**INSTRUCTIONS TO FOLLOW:** What you give back from the listing below should be an exact copy of the lines from the one with "A bedroom with" down to the one with "[Untitled photo, possibly", and it should contain no pictures.

+ + + + + + +

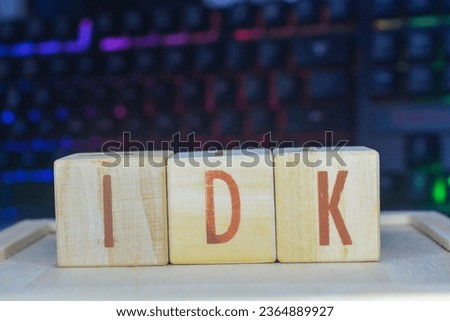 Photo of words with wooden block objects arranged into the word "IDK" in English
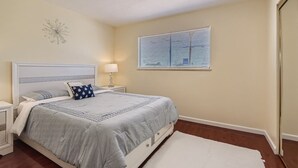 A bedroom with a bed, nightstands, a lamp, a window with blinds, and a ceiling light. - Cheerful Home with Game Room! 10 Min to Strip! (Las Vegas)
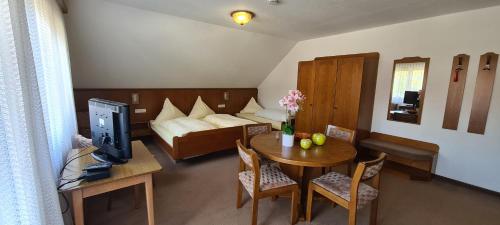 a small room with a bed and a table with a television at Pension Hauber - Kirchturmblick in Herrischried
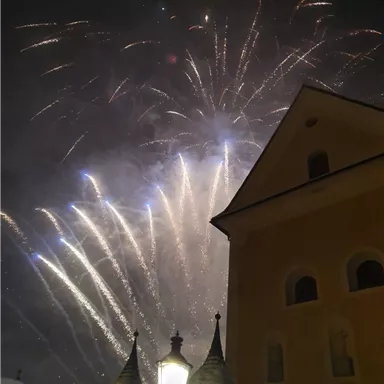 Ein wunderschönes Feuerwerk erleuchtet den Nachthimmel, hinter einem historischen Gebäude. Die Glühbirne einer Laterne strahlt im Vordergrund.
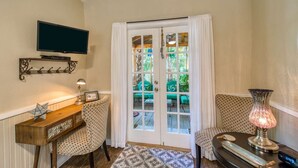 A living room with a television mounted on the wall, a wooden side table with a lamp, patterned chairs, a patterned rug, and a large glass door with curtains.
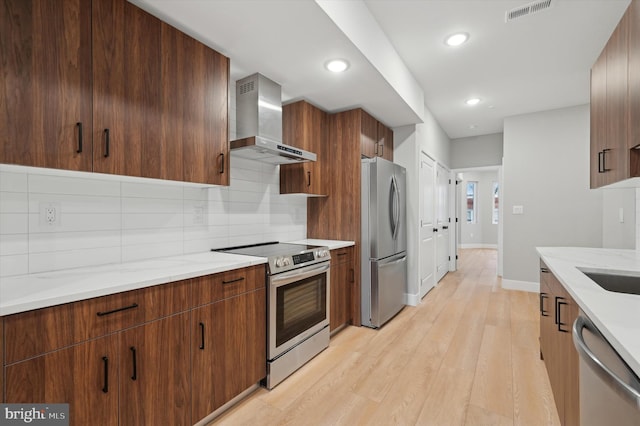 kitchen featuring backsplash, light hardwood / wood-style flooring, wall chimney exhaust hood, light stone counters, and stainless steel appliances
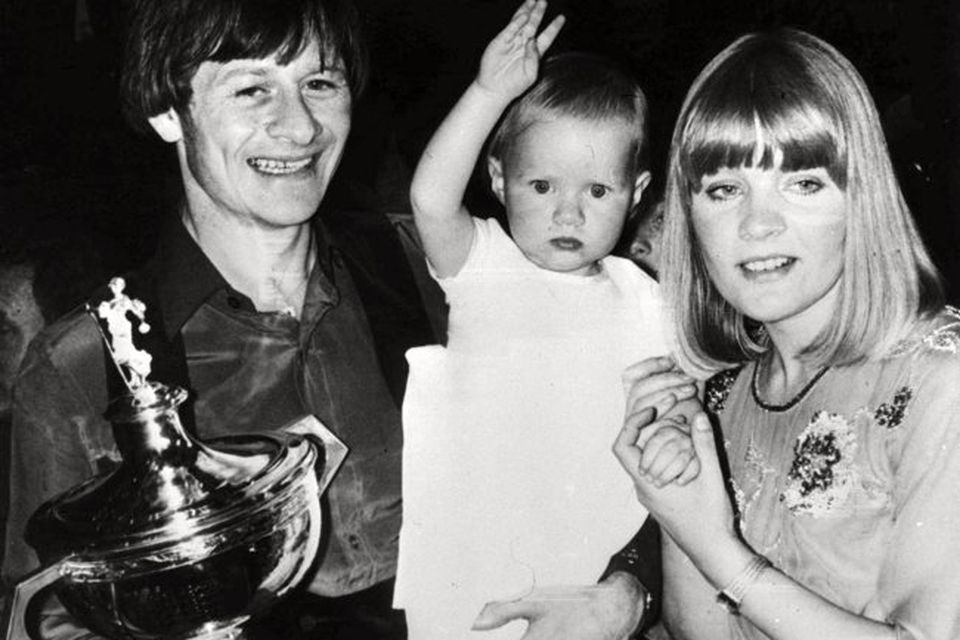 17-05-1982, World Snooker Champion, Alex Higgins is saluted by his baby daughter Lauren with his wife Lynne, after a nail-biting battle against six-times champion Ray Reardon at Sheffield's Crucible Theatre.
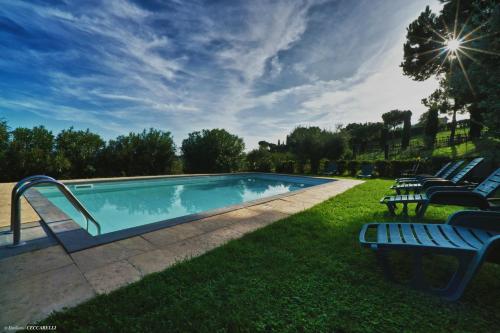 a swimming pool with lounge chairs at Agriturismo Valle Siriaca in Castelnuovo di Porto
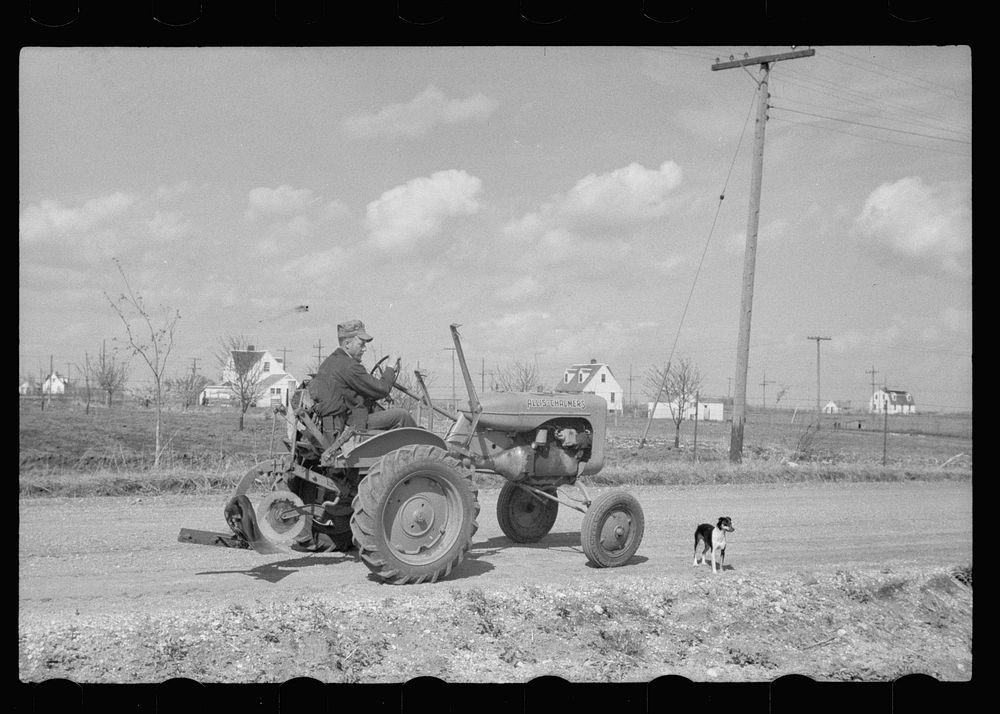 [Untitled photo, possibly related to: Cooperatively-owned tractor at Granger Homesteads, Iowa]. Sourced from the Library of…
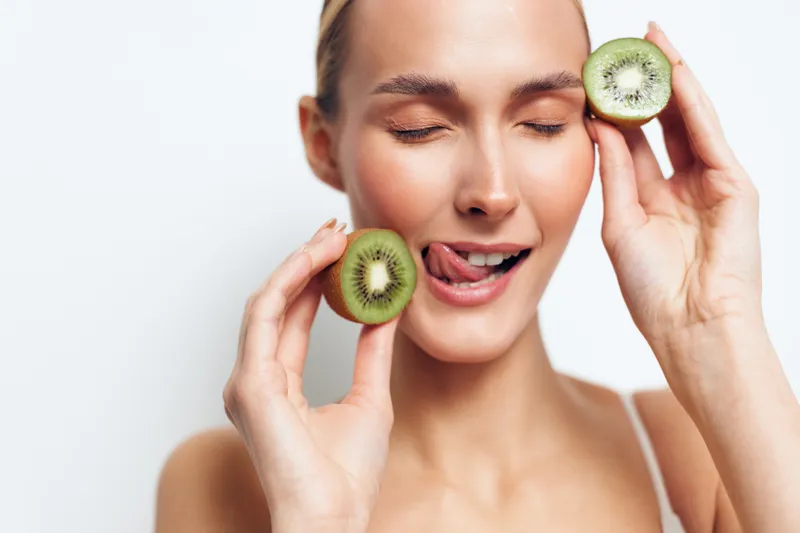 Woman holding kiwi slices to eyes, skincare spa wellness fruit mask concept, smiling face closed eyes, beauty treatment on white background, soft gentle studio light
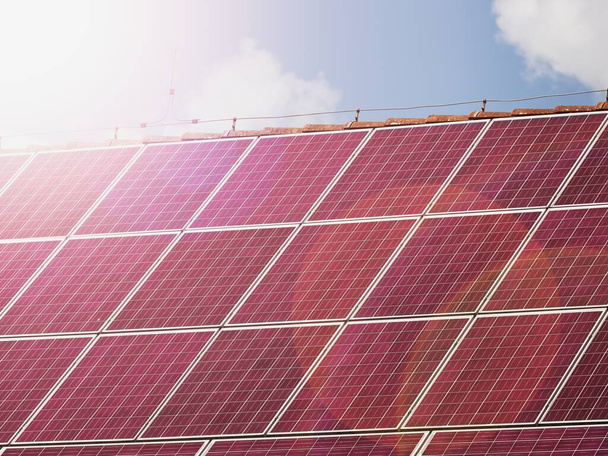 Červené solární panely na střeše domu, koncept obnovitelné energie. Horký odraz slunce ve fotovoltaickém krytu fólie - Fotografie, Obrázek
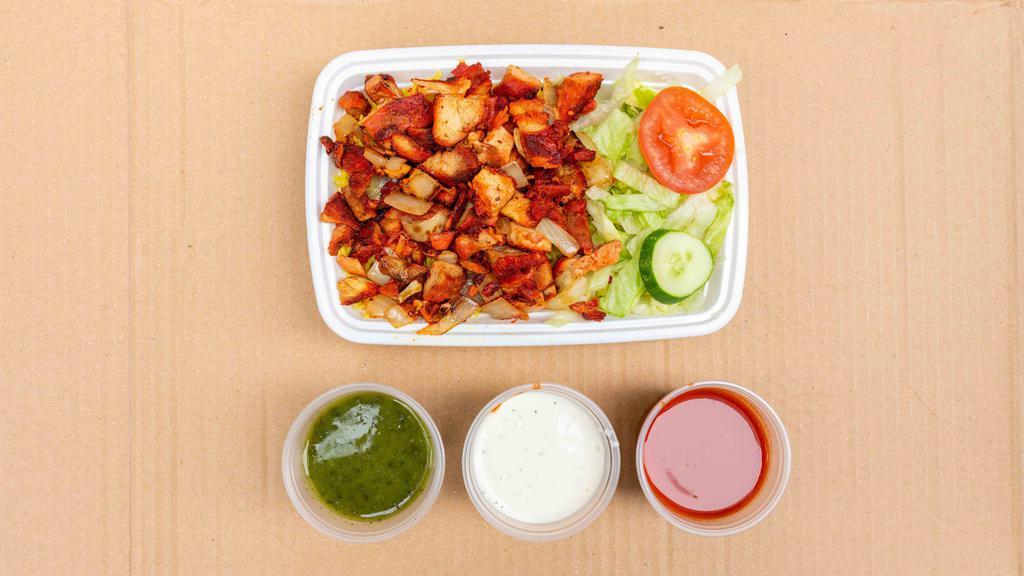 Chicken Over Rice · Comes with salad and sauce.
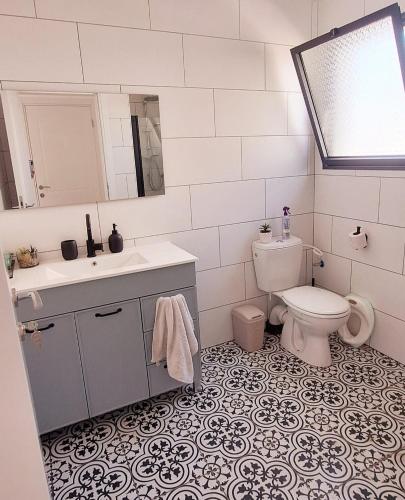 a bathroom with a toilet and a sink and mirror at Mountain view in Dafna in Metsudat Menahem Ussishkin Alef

+ + + + + + +

**WRITTEN RESPONSE:**
 A bedroom with a bed, nightstands, a lamp, a window with blinds, and a ceiling light. - Cheerful Home with Game Room! 10 Min to Strip! (Las Vegas)
 a small room with a bed and a table with a television at Pension Hauber - Kirchturmblick in Herrischried
 Ein wunderschönes Feuerwerk erleuchtet den Nachthimmel, hinter einem historischen Gebäude. Die Glühbirne einer Laterne strahlt im Vordergrund.
 A living room with a television mounted on the wall, a wooden side table with a lamp, patterned chairs, a patterned rug, and a large glass door with curtains.
 kitchen featuring backsplash, light hardwood / wood-style flooring, wall chimney exhaust hood, light stone counters, and stainless steel appliances
 17-05-1982, World Snooker Champion, Alex Higgins is saluted by his baby daughter Lauren with his wife Lynne, after a nail-biting battle against six-times champion Ray Reardon at Sheffield's Crucible Theatre.
 a swimming pool with lounge chairs at Agriturismo Valle Siriaca in Castelnuovo di Porto
 [Untitled photo, possibly related to: Cooperatively-owned tractor at Granger Homesteads, Iowa]. Sourced from the Library of…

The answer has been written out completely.